そしてこのコンサート終盤には「TOWN-0, PHASE-5」が演奏されるに至って初めてここでワシは、

「あ!このコンサートはPhononシリーズの一環だったんだ!?」と気がついたのです(平沢進は自らが考案したインタラクティブライブとインタラクティブではない通常のライブシリーズPhononを並行して執り行っている)

 

レルレさんのドラムが入ることで、エレクトリックな楽曲たちに新しい息吹が加えられていきます。

生命力が宿ると言うか、生き生きと飛び跳ねて活力に満ちた印象になるのがすごく聞いてて楽しくて、満たされましたねえ。

フジロックもこのメンバーで参加するわけですし、もしかしたらしばらくはこの形態で活動を続けるのかもしれませんね。
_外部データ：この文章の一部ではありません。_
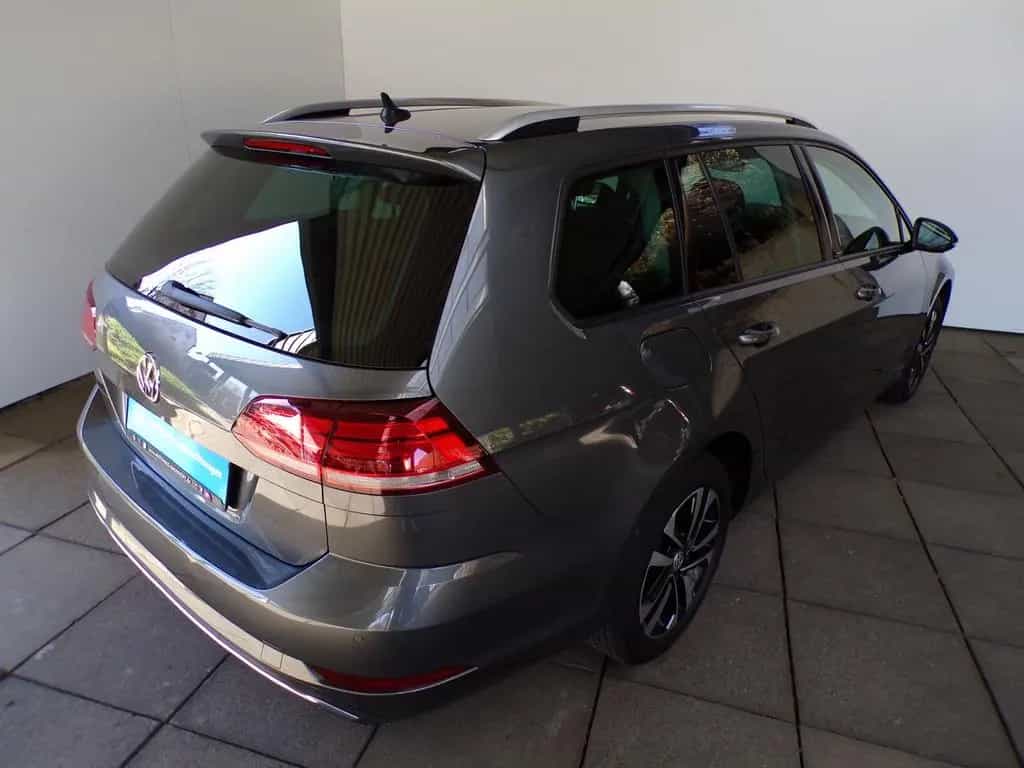 Volkswagen Golf VII VARIANT 1.0 TSI IQ DRIVE / BLIND SPOT 04/2019-photo-6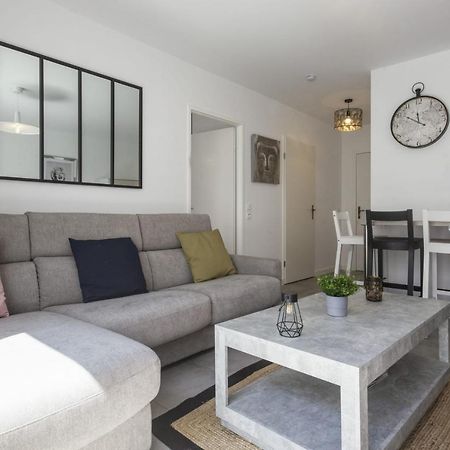Appartement Grigio - Welkeys Anglet Ngoại thất bức ảnh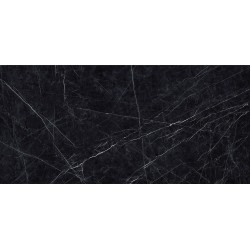 Sapienstone Dark Marquina Silky 12mm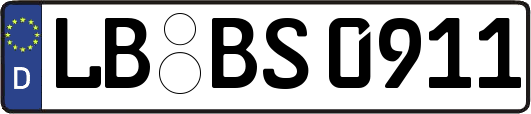 LB-BS0911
若いドラマーが入ることですごくプラスの化学変化が起きたように思います。

 

最後に披露された新曲もとても若々しいと言うか、若い人を励ますような曲に感じました。

「ステルスも新しいフェーズに入ったのかな」と思わせるものでした。

いよいよ近日中に発表されるであろう新譜への期待が高まりました。

 

会場も演奏内容も素晴らしかった。こんな一生残るような素敵な経験をさせてもらって、ステルスには感謝しかございません。

こんな戒厳令下みたいな大阪で素晴らしいコンサートをやってくれた。それだけで歴史に残る偉業ですよ。

ワクチンがまだ行き渡らない世の中で、いかにしてコロナと共存しつつ経済を回すのか。その一つの答えがここにありました。

観客も素晴らしかった、言いつけを守って口を最後までつぐみ続けたったの一声すら発しなかったのですから。

素敵な夜を本当にありがとう。演者スタッフ関係者、観客、みなさんに感謝感謝。